4.           Transfer.  The interest of any Holder in the Note shall be registered on the Note Register and may not be assigned or transferred, voluntarily or involuntarily. Any attempted assignment or transfer shall be void, except as provided in the following sentence, in which case interest of any Holder in the Note may be transferred only on the Note Register. The Company will permit transfers pursuant to the laws of bankruptcy, inheritance, descent or distribution, or to the successor to any Holder which is a corporate or other entity or by any nominee holder or agent or representative holding such interest in the Note for the account of another person to the beneficial owner of such interest in the Note. If a transfer is requested, the Company may require a Holder, among other things, to furnish appropriate endorsements and transfer documents, and the Company may require a Holder to pay any taxes and fees required by law. The Company need not exchange or register the transfer of any interest in the Note selected for redemption, except for the unredeemed portion of any interests in the Note being redeemed in part.

 

5.           Register.  The Note Register shall be maintained by the Depositary, Registrar and Transfer Company (or a successor agent appointed by the Company for such purpose), and shall record the names and addresses of, and principal amounts owing to, each Holder pursuant to the terms hereof from time to time.
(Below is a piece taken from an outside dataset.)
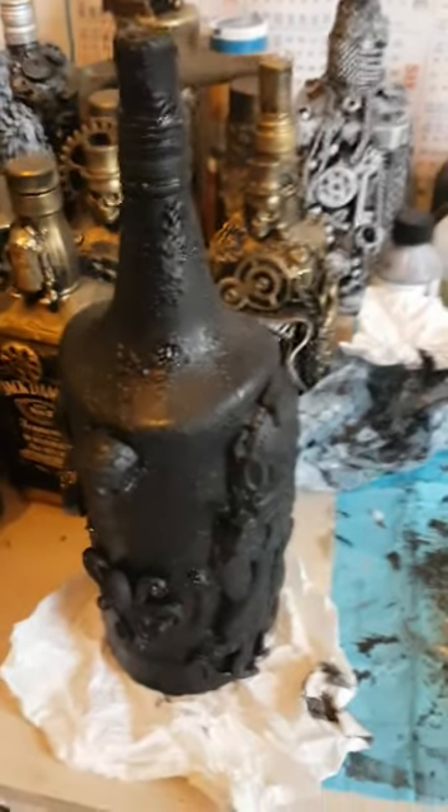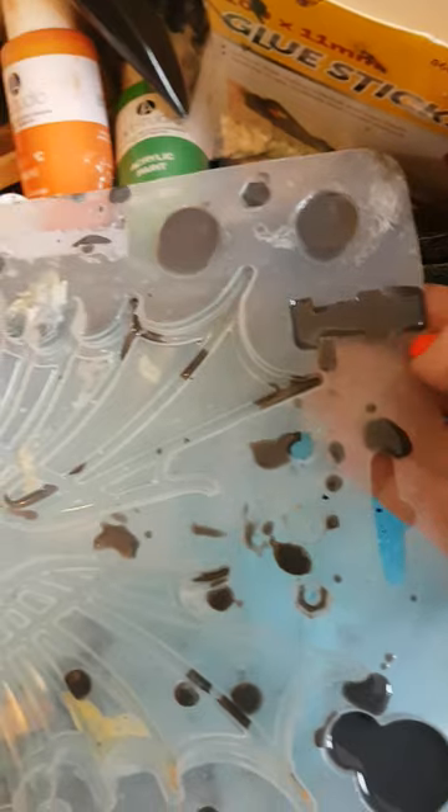Good morning, this is my craft room, a bit of a mess I know. So I've got my moulds from Stamperia and I've used black resin, wait for that to dry.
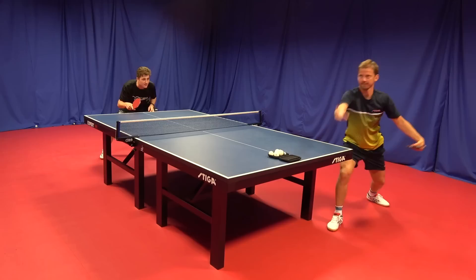So this is Pär Gerell, known as one of the best servers of all time. Check these out.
The Note Register shall be conclusive, and the Company shall treat each person whose name is recorded in the Register pursuant to the terms hereof as a Holder for all purposes, notwithstanding notice to the contrary.

 

6.           Unclaimed Money.  If money for the payment of principal or interest on any interest in the Note remains unclaimed for two years, Holders entitled to money must look to the Company for payment as general creditors unless an “abandoned property” law designates another person.

 

7.           No Prior Payments.  For so long as any of the Note is outstanding, the Company shall not make any payments with respect to its capital stock, including paying dividends thereon or making distributions in respect thereof, except (i) as specifically permitted under the Company’s Plan of Liquidation, dated September 12, 2013 and (ii) such distributions as are required for the Company to qualify as, and maintain its qualification as, a REIT or to avoid the payment of federal or state income or excise tax.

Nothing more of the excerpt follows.